That being said, I really like Hughes style (powerslam) and hope he sticks to his bread and butter style that got him the title in the first place and that he doesn't try and stand with GSP like he did last time.  I think if he goes in and implements his plan he will win (yeah, I know and if you can score more touchdowns than the other guy you will win too) but if he tries trading for a bit first I think GSP will be able to throw him off track and then implement his plan and win.

I really want to see the Liddell vs. Silva as well. Chuck really needs the win to stay competitive for the title.


----------



## TheArtofDave (Dec 5, 2007)

I like the style of Matt Hughes. However, where he throws people off in his arrogance. He comes off as a very arrogant fighter so his other good points can be over looked.

However, GSP on the other hand talks more with his actions than with his mouth. Which is comforting when the pre-fight tape usually shows both fighter jacking their jaws over who will win.

It should be a good fight and while Hughes may have a slight advantage I'd hope that GSP could score an upset but it should be a great fight regardless.


----------



## Omar B (Dec 5, 2007)

I really do hope GSP wins.  Though I like Hughes as an athlete and fighter his attitude turns me off.

Anybody been keeping up with tis seasons TUF?  I love watching Serra who's a real Sensei teach while Hughes who's a fighter and has little experience teaching does show in his fighters performance.


----------



## Perpetual White Belt (Dec 5, 2007)

Omar B said:


> I really do hope GSP wins.

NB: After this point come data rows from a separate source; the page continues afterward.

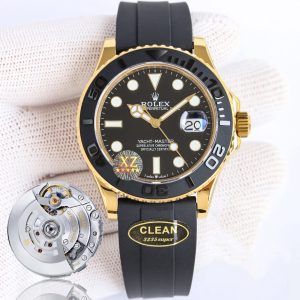Clean Factory Rolex Yacht Master 42mm Black Dial 904L Steel Yellow Gold Case Oysterflex Rubber Strap 11 Best Edition 28363235 Movement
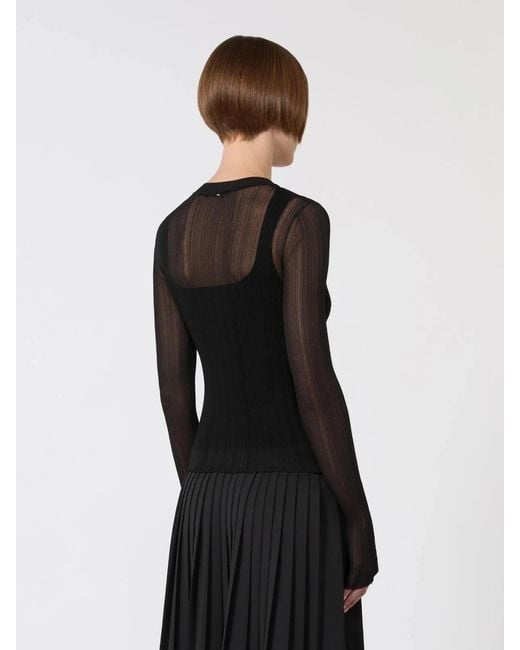Max Mara Black Spxbuono Trompe L'Oeil Viscose Jumper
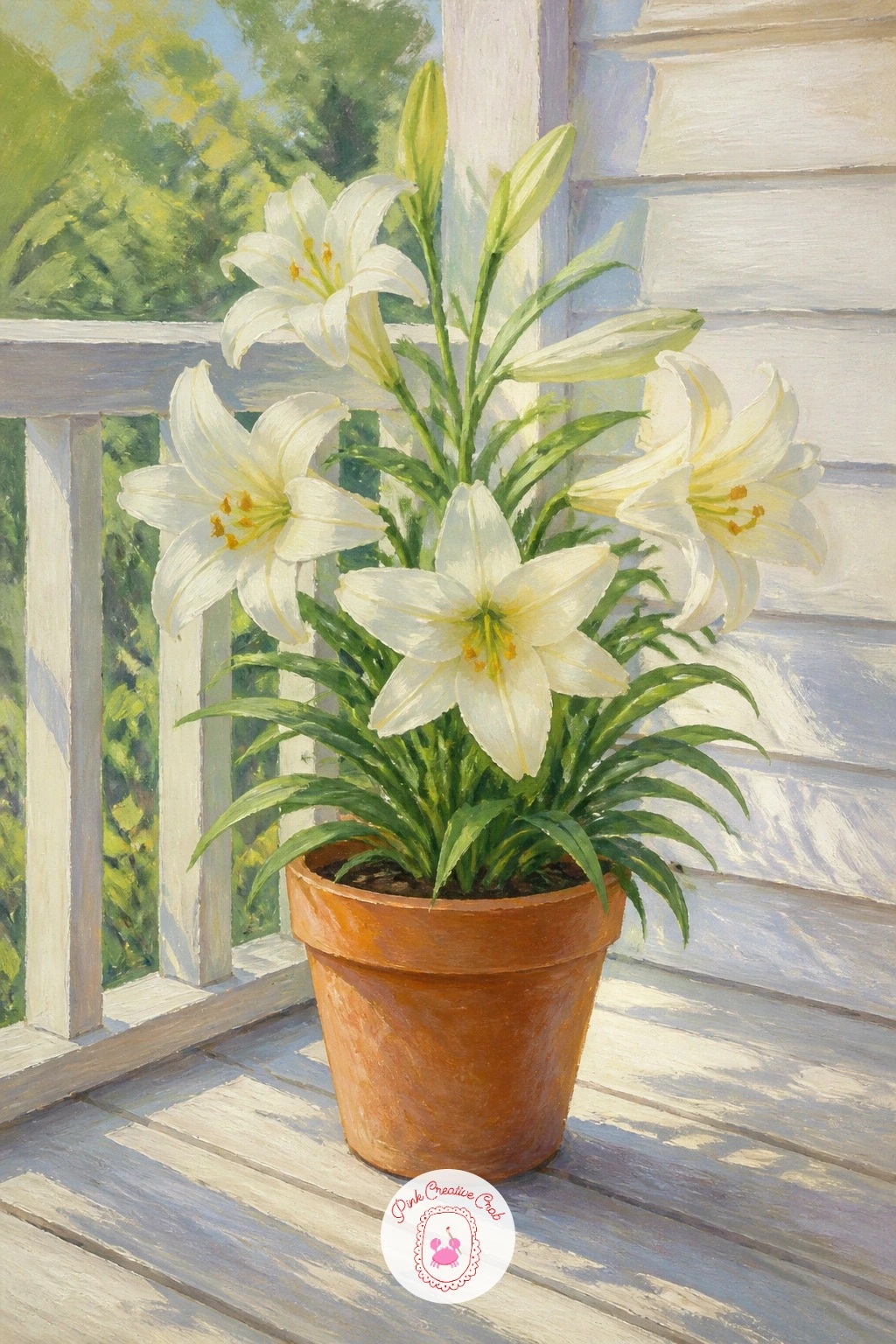 Easter Lily Pot on a Porch — Bring the lilies outdoors in a pot with an Easter lily pot on a porch, a cheerful seasonal scene that stays simple to paint. Lily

Though I like Hughes as an athlete and fighter his attitude turns me off.
> 
> Anybody been keeping up with tis seasons TUF? I love watching Serra who's a real Sensei teach while Hughes who's a fighter and has little experience teaching does show in his fighters performance.


 
I agree on Serra's coaching ability.  I'm refusing to watch the finals now that Mac after being warned twice about punching the John in the back of the head was then allowed to punch John in the back of the head 3 more times to get work into the rear naked, and then Tommy after being warned twice about his finger placement then jabs George in the eye with no repercussions win!?!  Come on!  I thought by now Big John would be a better ref than that!

I actually hope Hughes wins the fight with GSP so I can see Serra submit or KO him in the spring.


----------



## guitokenpoisabela (Dec 6, 2007)

i hate that last episode ,,i was hoping see serra team in the final.... hughes,i only hope he lose. the fight with serra and hughes i am sure they will fight no matter what happend ,they will meet. 

 i am in the club : "we hate matt hughes"


----------



## Omar B (Dec 6, 2007)

I didnt see last night's show (out with family) but I'm saddened to hear that George is out.  That was the one guy who acted like an adult and displayed martial spirit all year.


----------